#### Recorded data

━━━━━━

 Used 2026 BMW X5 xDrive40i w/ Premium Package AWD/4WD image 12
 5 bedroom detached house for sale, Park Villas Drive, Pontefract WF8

━━━━━━

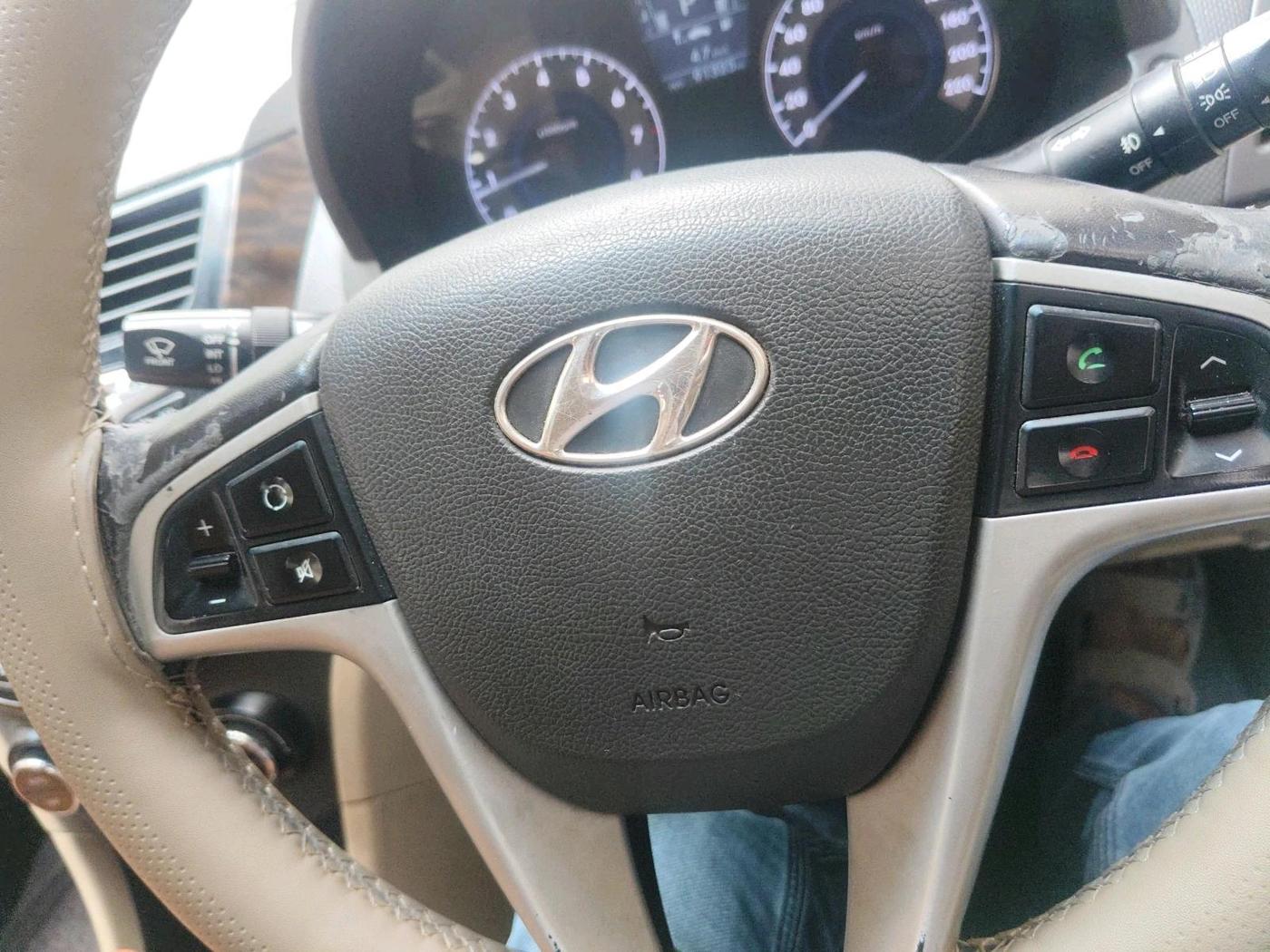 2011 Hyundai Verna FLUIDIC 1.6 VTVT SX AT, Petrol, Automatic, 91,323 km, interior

━━━━━━

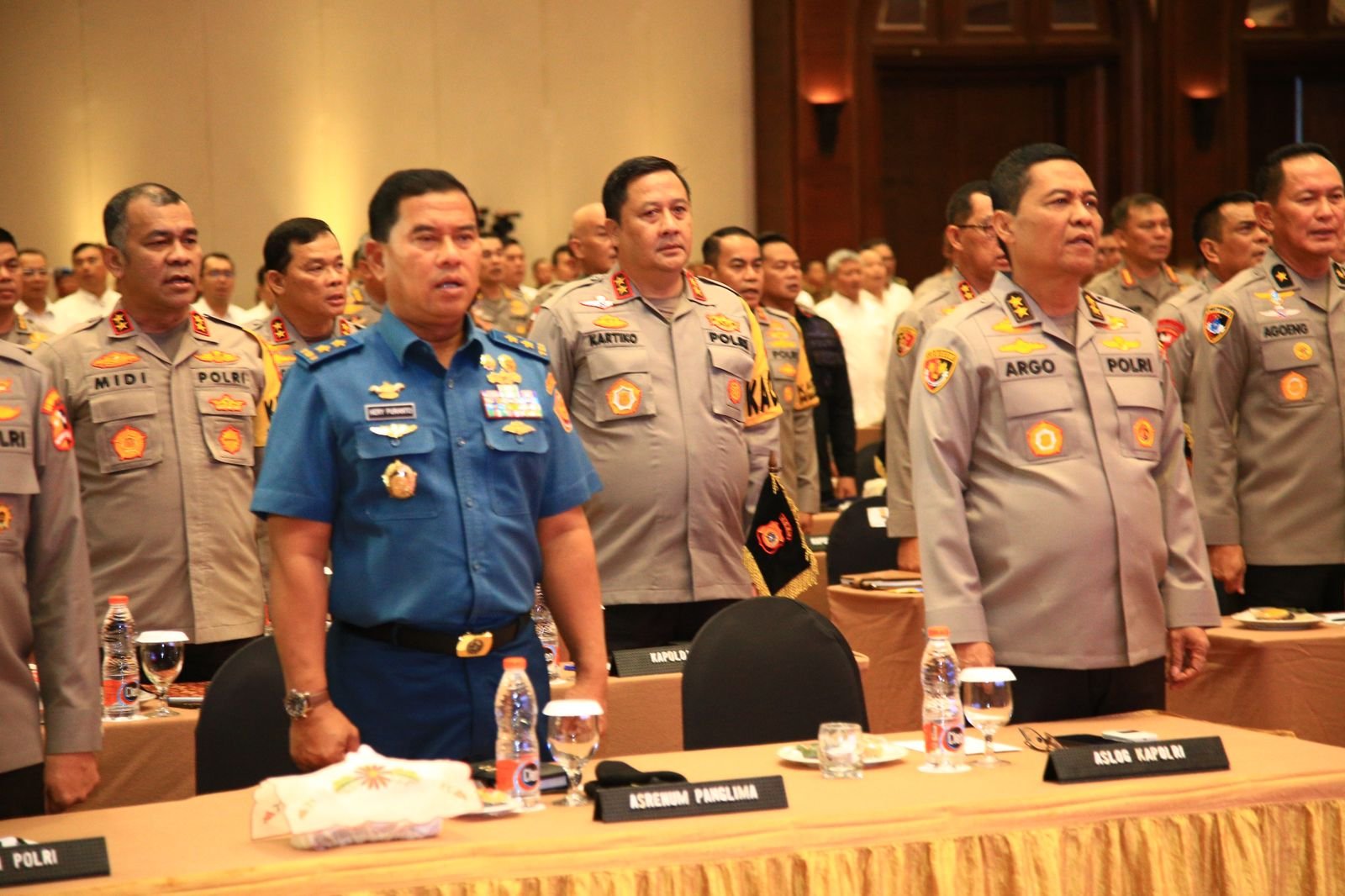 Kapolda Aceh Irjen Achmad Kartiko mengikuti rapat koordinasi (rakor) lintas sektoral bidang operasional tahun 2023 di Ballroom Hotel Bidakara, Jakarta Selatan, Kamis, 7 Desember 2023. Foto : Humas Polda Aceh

━━━━━━

#### Activity
Where the listing above reaches the line that contains "Used 2026 BMW", start retyping, and finish with the line that contains "5 bedroom detached"; reproduce those lines exactly and no others.

#### Solution below
 Used 2026 BMW X5 xDrive40i w/ Premium Package AWD/4WD image 12
 5 bedroom detached house for sale, Park Villas Drive, Pontefract WF8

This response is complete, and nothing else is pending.